> **Exercise details**
Return exactly those lines of the material that fall between the line with "अचानक बस स्टैंड" and the final line, both included.

> **Source material**
┌──
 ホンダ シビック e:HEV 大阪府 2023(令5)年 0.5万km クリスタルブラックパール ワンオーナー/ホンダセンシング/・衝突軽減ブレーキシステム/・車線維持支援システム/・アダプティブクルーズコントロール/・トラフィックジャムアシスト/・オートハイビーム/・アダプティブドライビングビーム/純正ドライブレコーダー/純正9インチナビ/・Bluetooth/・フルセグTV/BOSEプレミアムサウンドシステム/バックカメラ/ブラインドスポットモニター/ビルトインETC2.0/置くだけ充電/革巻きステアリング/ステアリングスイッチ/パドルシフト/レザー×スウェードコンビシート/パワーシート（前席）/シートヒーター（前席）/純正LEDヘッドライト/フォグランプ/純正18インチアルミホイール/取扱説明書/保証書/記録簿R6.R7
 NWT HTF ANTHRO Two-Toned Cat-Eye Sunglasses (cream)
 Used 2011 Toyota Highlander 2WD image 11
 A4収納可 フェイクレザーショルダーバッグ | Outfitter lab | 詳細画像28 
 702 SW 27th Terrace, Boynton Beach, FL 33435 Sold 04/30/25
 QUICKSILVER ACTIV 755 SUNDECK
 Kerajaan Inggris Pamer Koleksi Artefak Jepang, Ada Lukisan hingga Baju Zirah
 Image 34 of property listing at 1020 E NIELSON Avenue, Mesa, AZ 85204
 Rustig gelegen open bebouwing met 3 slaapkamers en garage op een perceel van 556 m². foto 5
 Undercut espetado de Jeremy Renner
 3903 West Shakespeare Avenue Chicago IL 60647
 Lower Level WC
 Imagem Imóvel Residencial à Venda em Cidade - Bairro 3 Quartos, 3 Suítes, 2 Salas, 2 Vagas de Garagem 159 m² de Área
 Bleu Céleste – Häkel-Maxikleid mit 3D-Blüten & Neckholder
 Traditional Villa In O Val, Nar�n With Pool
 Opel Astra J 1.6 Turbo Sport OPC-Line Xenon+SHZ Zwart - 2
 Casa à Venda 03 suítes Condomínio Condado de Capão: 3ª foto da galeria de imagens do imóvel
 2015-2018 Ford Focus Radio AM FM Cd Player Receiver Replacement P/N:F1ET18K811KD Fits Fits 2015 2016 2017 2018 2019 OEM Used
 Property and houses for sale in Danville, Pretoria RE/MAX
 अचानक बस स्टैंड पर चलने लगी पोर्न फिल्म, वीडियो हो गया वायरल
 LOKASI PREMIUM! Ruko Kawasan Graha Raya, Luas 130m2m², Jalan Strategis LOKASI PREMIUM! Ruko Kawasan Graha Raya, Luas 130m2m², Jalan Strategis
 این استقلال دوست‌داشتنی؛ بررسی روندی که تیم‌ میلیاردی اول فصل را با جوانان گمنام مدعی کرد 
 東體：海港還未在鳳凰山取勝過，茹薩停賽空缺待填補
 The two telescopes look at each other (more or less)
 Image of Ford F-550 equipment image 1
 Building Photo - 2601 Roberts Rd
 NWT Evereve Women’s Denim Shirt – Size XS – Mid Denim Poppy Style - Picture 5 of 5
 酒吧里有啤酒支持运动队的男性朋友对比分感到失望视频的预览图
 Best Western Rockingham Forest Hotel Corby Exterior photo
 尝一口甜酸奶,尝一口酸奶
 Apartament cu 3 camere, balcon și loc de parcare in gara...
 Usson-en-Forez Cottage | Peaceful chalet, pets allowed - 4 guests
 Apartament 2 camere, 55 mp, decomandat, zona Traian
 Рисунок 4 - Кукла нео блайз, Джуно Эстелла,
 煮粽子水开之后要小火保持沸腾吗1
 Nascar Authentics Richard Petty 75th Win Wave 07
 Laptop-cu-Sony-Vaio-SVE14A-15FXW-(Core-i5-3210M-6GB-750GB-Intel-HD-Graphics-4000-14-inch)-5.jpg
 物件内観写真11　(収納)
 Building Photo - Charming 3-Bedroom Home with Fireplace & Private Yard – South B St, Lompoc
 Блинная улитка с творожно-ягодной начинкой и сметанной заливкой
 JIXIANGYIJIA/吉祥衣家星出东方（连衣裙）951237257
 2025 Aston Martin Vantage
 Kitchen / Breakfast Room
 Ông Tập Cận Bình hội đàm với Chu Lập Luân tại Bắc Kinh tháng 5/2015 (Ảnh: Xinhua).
└──
> **Answer to this task**
 अचानक बस स्टैंड पर चलने लगी पोर्न फिल्म, वीडियो हो गया वायरल
 LOKASI PREMIUM! Ruko Kawasan Graha Raya, Luas 130m2m², Jalan Strategis LOKASI PREMIUM! Ruko Kawasan Graha Raya, Luas 130m2m², Jalan Strategis
 این استقلال دوست‌داشتنی؛ بررسی روندی که تیم‌ میلیاردی اول فصل را با جوانان گمنام مدعی کرد 
 東體：海港還未在鳳凰山取勝過，茹薩停賽空缺待填補
 The two telescopes look at each other (more or less)
 Image of Ford F-550 equipment image 1
 Building Photo - 2601 Roberts Rd
 NWT Evereve Women’s Denim Shirt – Size XS – Mid Denim Poppy Style - Picture 5 of 5
 酒吧里有啤酒支持运动队的男性朋友对比分感到失望视频的预览图
 Best Western Rockingham Forest Hotel Corby Exterior photo
 尝一口甜酸奶,尝一口酸奶
 Apartament cu 3 camere, balcon și loc de parcare in gara...
 Usson-en-Forez Cottage | Peaceful chalet, pets allowed - 4 guests
 Apartament 2 camere, 55 mp, decomandat, zona Traian
 Рисунок 4 - Кукла нео блайз, Джуно Эстелла,
 煮粽子水开之后要小火保持沸腾吗1
 Nascar Authentics Richard Petty 75th Win Wave 07
 Laptop-cu-Sony-Vaio-SVE14A-15FXW-(Core-i5-3210M-6GB-750GB-Intel-HD-Graphics-4000-14-inch)-5.jpg
 物件内観写真11　(収納)
 Building Photo - Charming 3-Bedroom Home with Fireplace & Private Yard – South B St, Lompoc
 Блинная улитка с творожно-ягодной начинкой и сметанной заливкой
 JIXIANGYIJIA/吉祥衣家星出东方（连衣裙）951237257
 2025 Aston Martin Vantage
 Kitchen / Breakfast Room
 Ông Tập Cận Bình hội đàm với Chu Lập Luân tại Bắc Kinh tháng 5/2015 (Ảnh: Xinhua).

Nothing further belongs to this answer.